I have two variables defined like this:
var $a = $('#a'),
$b = $('#b');
How can I rewrite the following line using $a and $b?
$('#a, #b').click(function(e){...});
Add a comment
|
4 Answers
$([$a.get(0), $b.get(0)]).click(function(e) { ... });
3 Comments
Vincent
Wouldn't it be better to just use $('#a, #b').click() along with $a, $b then?
Darin Dimitrov
Absolutely, much better, but I thought you don't want to do that and ask how to do it assuming you already have the $a and $b variables.
fredrik
Keep in mind this only works on $a and $b's first element. If you change $a or $b to a selector that returns more then one element only the first will be bound. But I agree with Darin $('#a, #b') is a better solution if you only use them once.
$a.add($b).click(function(e){...});
add returns a new node set holding the union. $b can be "pretty much anything that $() accepts."
Comments
It seems you ca do just this:
$(deleteBtn).add(copyBtn).add(moveBtn).click(function(){});
As it says here http://api.jquery.com/add/
Comments
Depends of what you want to do next with your vars.

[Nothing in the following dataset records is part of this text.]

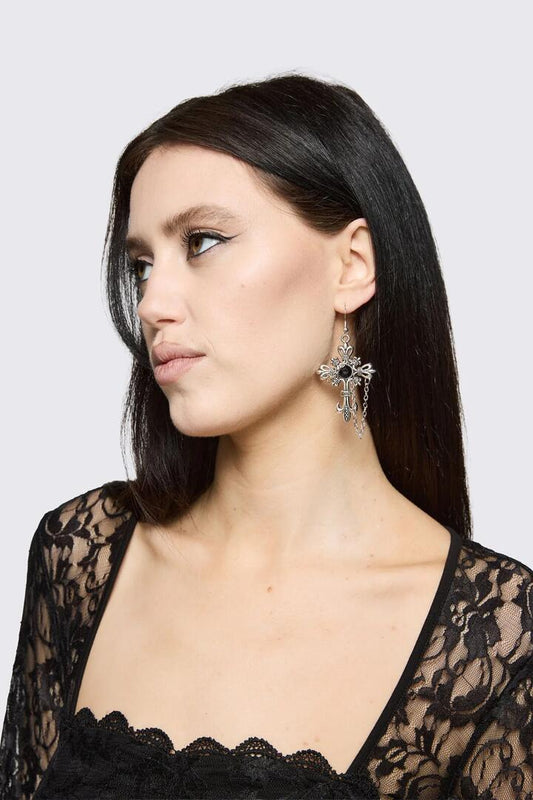 Image of Earrings. Product name - Gothic Cross Chain Earrings in Silver colour by brand - Dangerfield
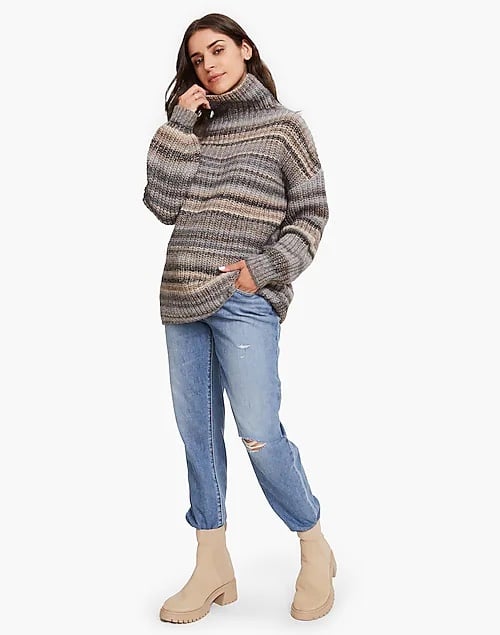 Hatch maternity fashioned knit turtleneck sweater blue 1 small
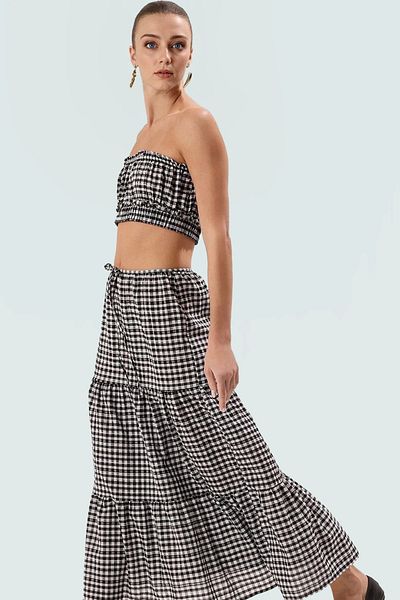 PayBuy Summer Plaid Crop Blouse and Skirt Set Cotton Woven Casual Style Professional Look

You could just define them as one:
var $a = $('#a, #b');
$a.click()
Or use them separately:
/* This way the click event is applied even if each selector returns
more then one element. And $a and $b is preserved */
$([].concat($a.toArray()).concat($b.toArray())).click(function () {
console.log(this)
});
EDIT
Updated code.
..fredrik
4 Comments
Matthew Flaschen
No, they're not equivalent. The second will make
$b the context.Matthew Flaschen
No, the second parameter ($b) is the context.
fredrik
I did a test case: var a = $('div'), b = $('span'); $(a,b).click(function { console.log(this) }); console only returns div's.
Matthew Flaschen
your example isn't complete. But read the docs on the main function, and it's clear which parameter is which.